Abstract

Mainstream macroeconomic policy in India has sought to alleviate rural poverty and food insecurity by expanding agricultural production, providing agricultural credit through a national agricultural banking system, programs of employment generation to alleviate income poverty, and some state-level midday meal schemes at schools. The green revolution was introduced in the late sixties, making India food self-sufficient at the national level. Even as the country accumulated buffer stocks of food, problems of hunger and starvation nevertheless persisted at the individual, household, village, and regional levels. Beginning in the late nineteen eighties, India gradually began to adopt market friendly policies. The economic crisis in 1991 set India on a path of fast track liberalization and structural adjustment resulting in comprehensive initiatives by the Government to promote the industrialization of agriculture. The government has opened up contract farming, food processing, horticulture, value added agricultural products, export crops, and biotechnology, and has allowed private corporations to invest in agriculture.
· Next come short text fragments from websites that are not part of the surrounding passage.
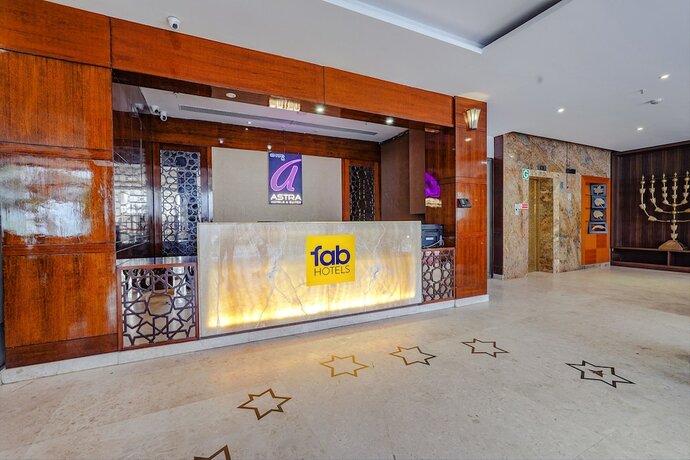 Imagen general del Hotel Fabhotel Chris. Foto 7
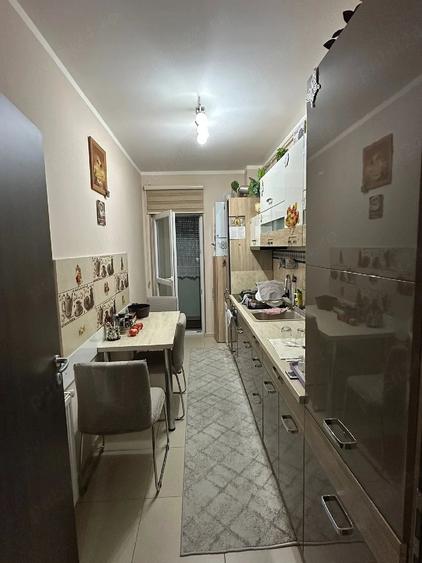 Apartament cu 3 camere decomandat în Giroc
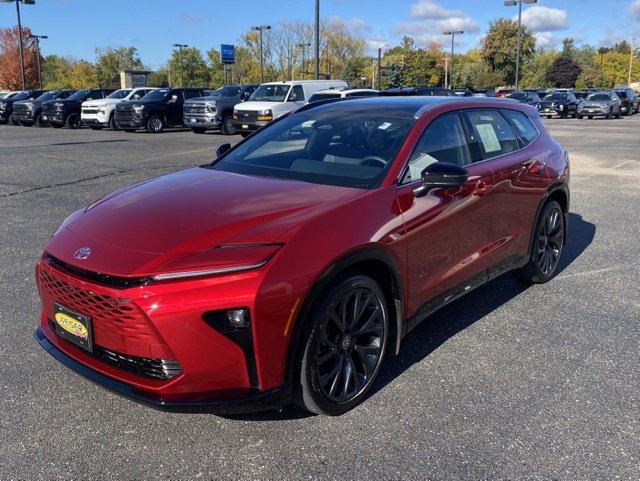 2025 Toyota Crown Signia XLE photo 3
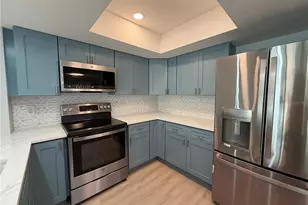 7550 Sunshine Skyway Ln S, Saint Petersburg, FL 33711 - Photo 8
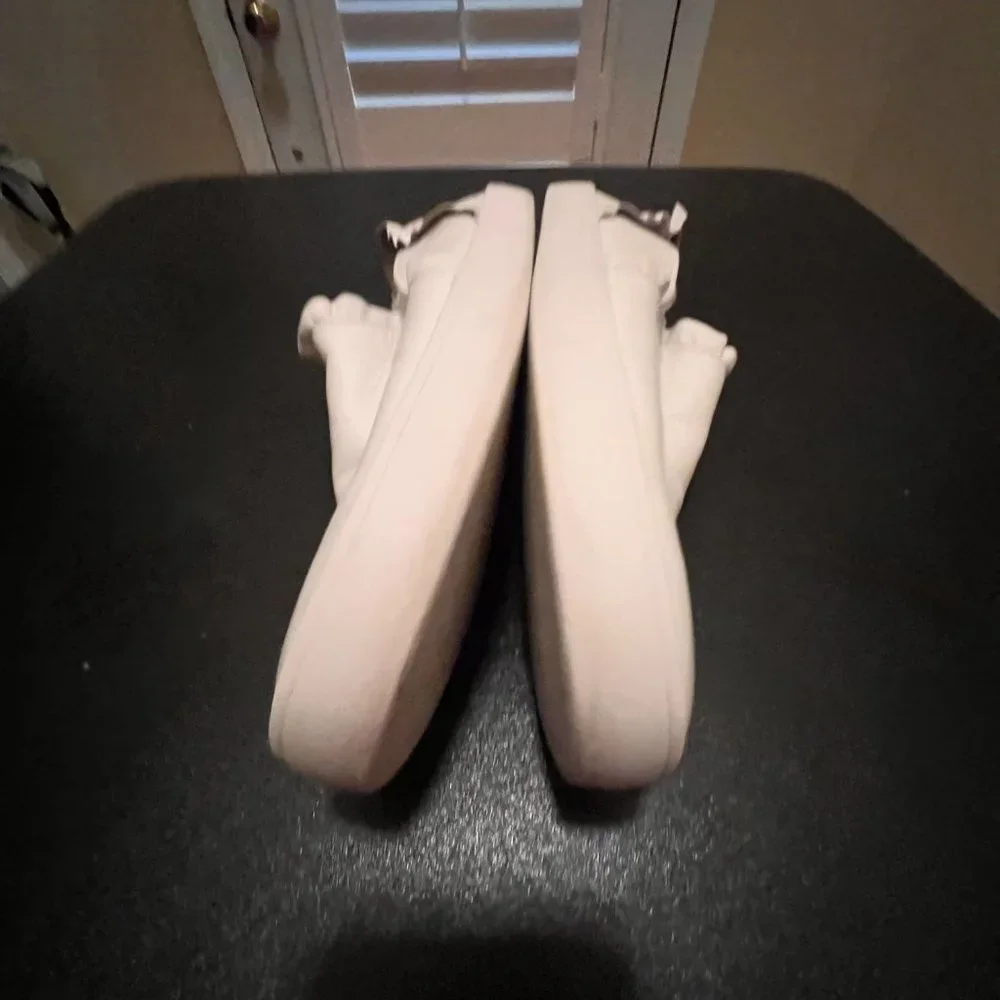 Kate Spade size 9.5 white leather Lillie slip on shoes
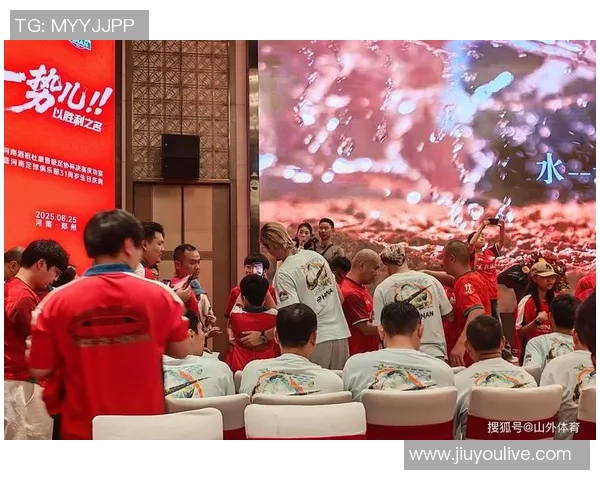 河南球迷热情高涨足协杯决赛现场人潮涌动北京球迷人数相对较少 河南球迷热情高涨足协杯决赛现场人潮涌动北京球迷人数相对较少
This rapid industrialization is a transformative process. The social fabric matrix approach demonstrates this process where trade liberalization, scientific research, agricultural policy, and the ideology of neo-liberalism are interlocking agents shaping the contemporary industrialization of agriculture in India today. Thus, in the context of a liberalizing India, the concept of transformation replaces the term development and helps to focus our attention on a detailed understanding of the interactive institutional process of change in agriculture. The question continues to be whether or not the contemporary expansion of the agrarian sector through industrialization has served in preventing the ever-present problem of endemic hunger that nearly 320 million Indians still face.